1. ## Grid problem

Hi all,
I have a small question that I wish you can help me solve.
I have circled the questions that I cannot answer...(The question is attached)

Please show me the method of how to get the answer, which should be:
d (ii) g= x+2n and i= x+2+2n
d (iii) 4n

Thanks

2. I might have no idea what I'm saying but here goes. n = 5. Since the 3 X 3 grid is chosen from the 5 x 5 grid or 3 x 3 grid is chosen from the n x n grid. If g = 11, and x = 1, then x+2n or 1+2(5) = 11. And if i = 13. Then x+2+2n or 1+2+2(5) = 13. Since cg-xi = 20, and n = 5, then 4n or 4(5) equals 20.

I hope that helped?

3. start from the point "x" in an nxn grid.

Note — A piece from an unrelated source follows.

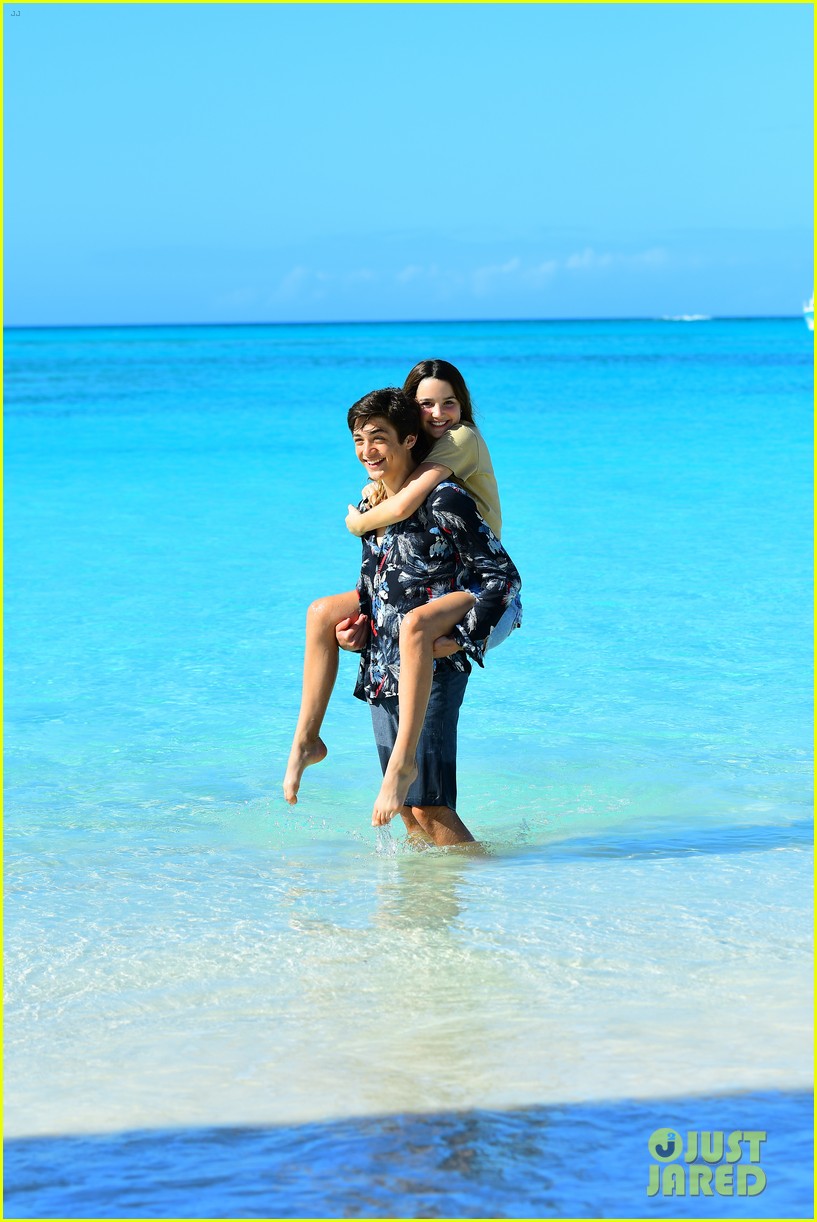 Asher Angel & Annie LeBlanc Looked So Cute On Their Anniversary Trip To Turks & Caicos!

going "down one" will increase the number by n
going "right one" will increase the number by 1

Can you use this information to solve the problem?

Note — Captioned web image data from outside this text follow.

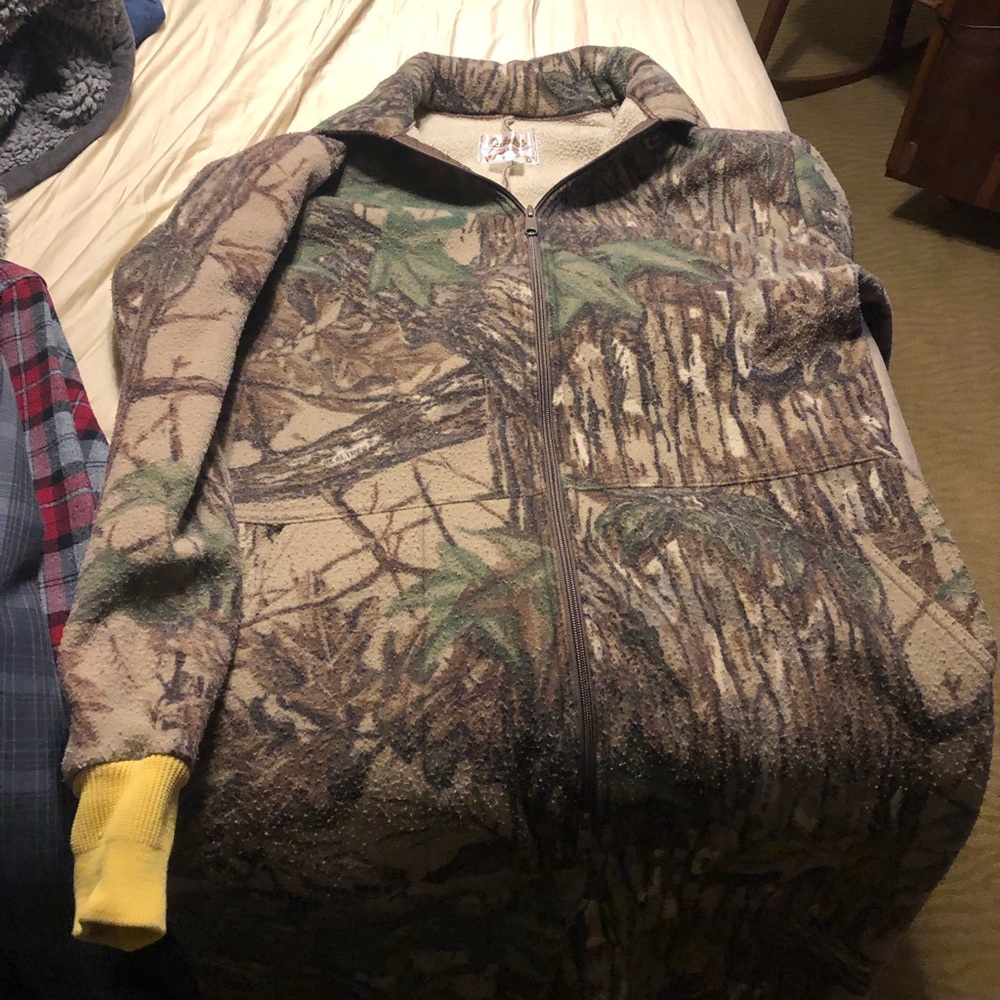 Rare, one of a kind,Cabelas jumper, camo, large.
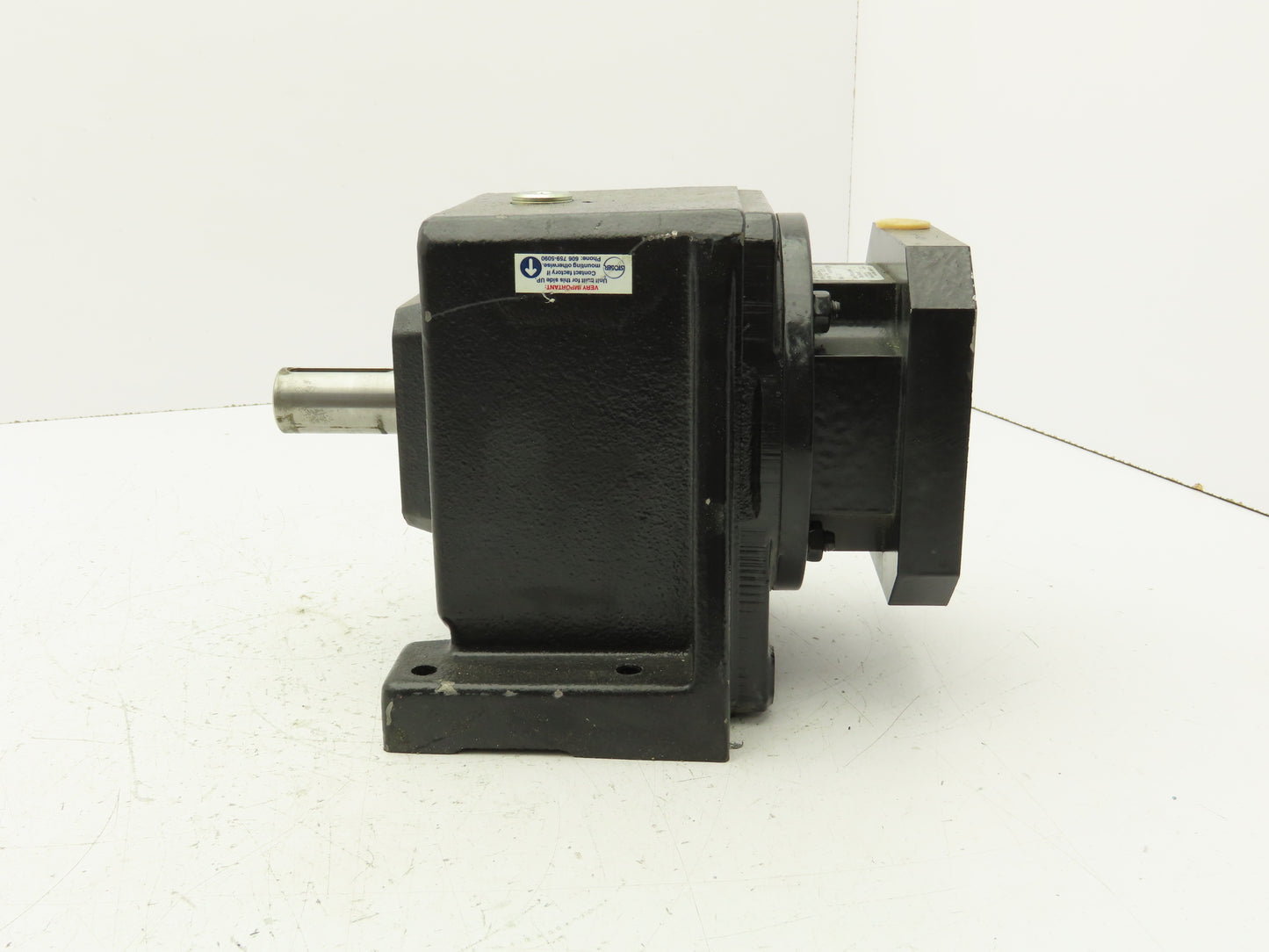 Stober C102N0047MT10 Servo Gearhead 4.7:1 Reducer Inline Gearbox MT10 Foot Mount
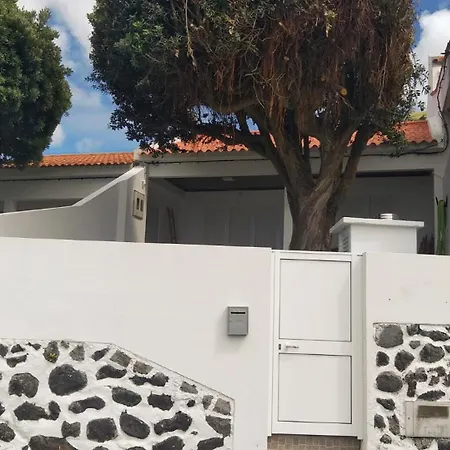 Casa Dos Terreiros Oceanfront *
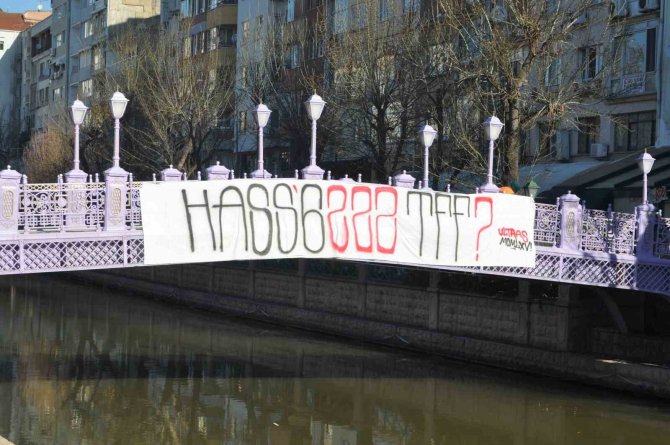 Tepkili Taraftarlar Köprüye Pankart Astı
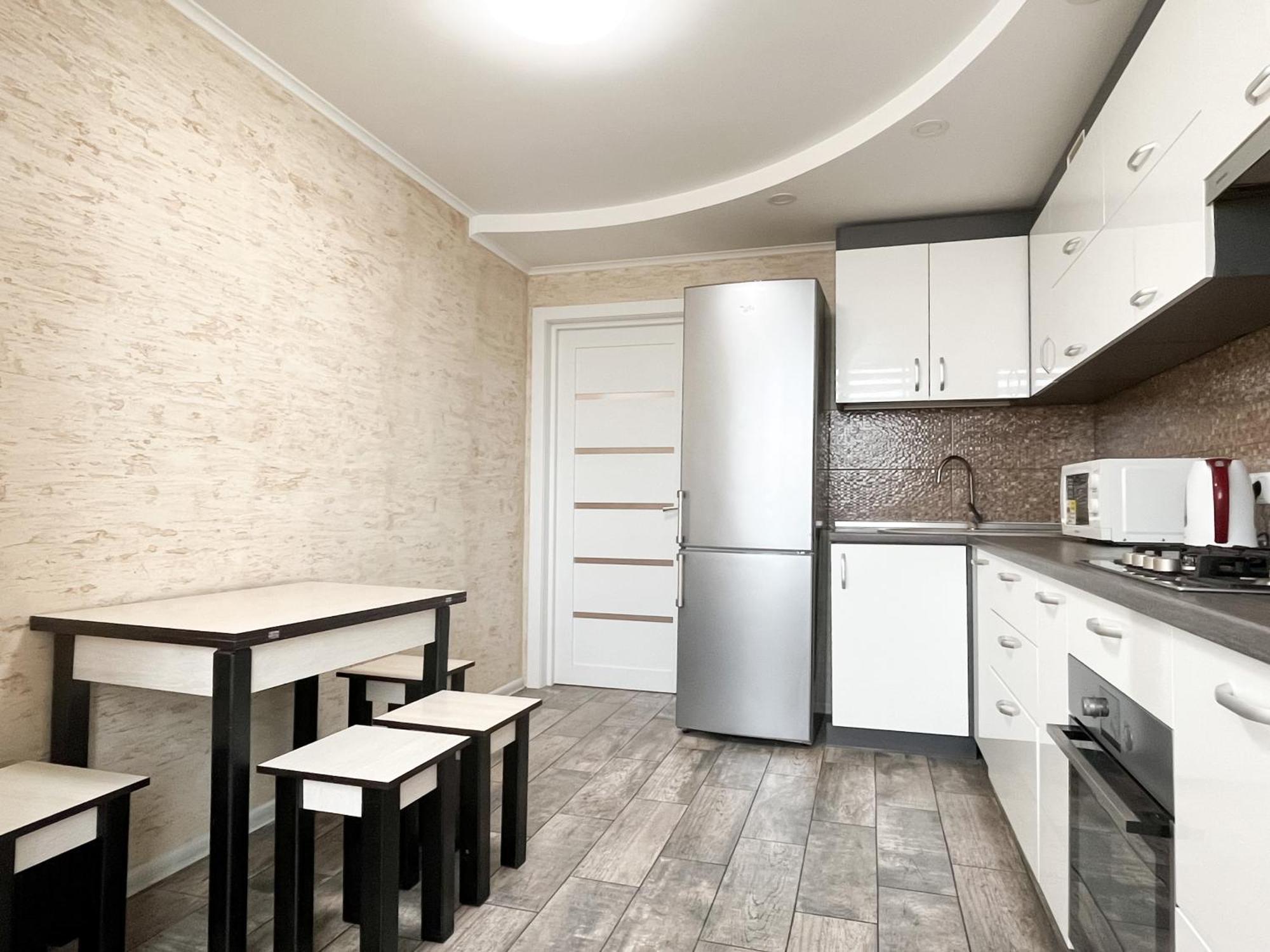 키예프 0147 New Flat Near Airport Zhulyany Sofievskaya Borshchagovka 아파트 외부 사진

Edit:not quite sure why i posted that since previous poster seems to have solved the problem :P

4. Originally Posted by SpringFan25
start from the point "x" in an nxn grid.

going "down one" will increase the number by n
going "right one" will increase the number by 1

Can you use this information to solve the problem?

Edit:not quite sure why i posted that since previous poster seems to have solved the problem :P
Your answer seems to make more sense x+2n or x, and 2 down.

5. Thanks you!

6. Originally Posted by SpringFan25
start from the point "x" in an nxn grid.
going "down one" will increase the number by n
going "right one" will increase the number by 1
I have a small doubt....
so now this formula (x+2n) can give me g in any grid, lets substitute this formula for a 3x3 grid. where n=3
1+3(3)=7, but it should be 11, why doesn't this formula work this way, it only works for the 5x5.

thanks

7. The 3x3 grid contains numbers from 1 to 9, so g cant possibly be 11.

in fact, there is only 1 way to take the 3x3 square from a 3x3 grid, which is this:

$\begin{array}{lll}1 & 2 & 3\\4&5&6\\7&8&9\\\end{array}$

g is 7 as predicted by the formula.

8. Originally Posted by SpringFan25
The 3x3 grid contains numbers from 1 to 9, so g cant possibly be 11.

in fact, there is only 1 way to take the 3x3 square from a 3x3 grid, which is this:

$\begin{array}{lll}1 & 2 & 3\\4&5&6\\7&8&9\\\end{array}$

g is 7 as predicted by the formula.
ow, now I get it.
i don't know what I was thinking..... stupid me!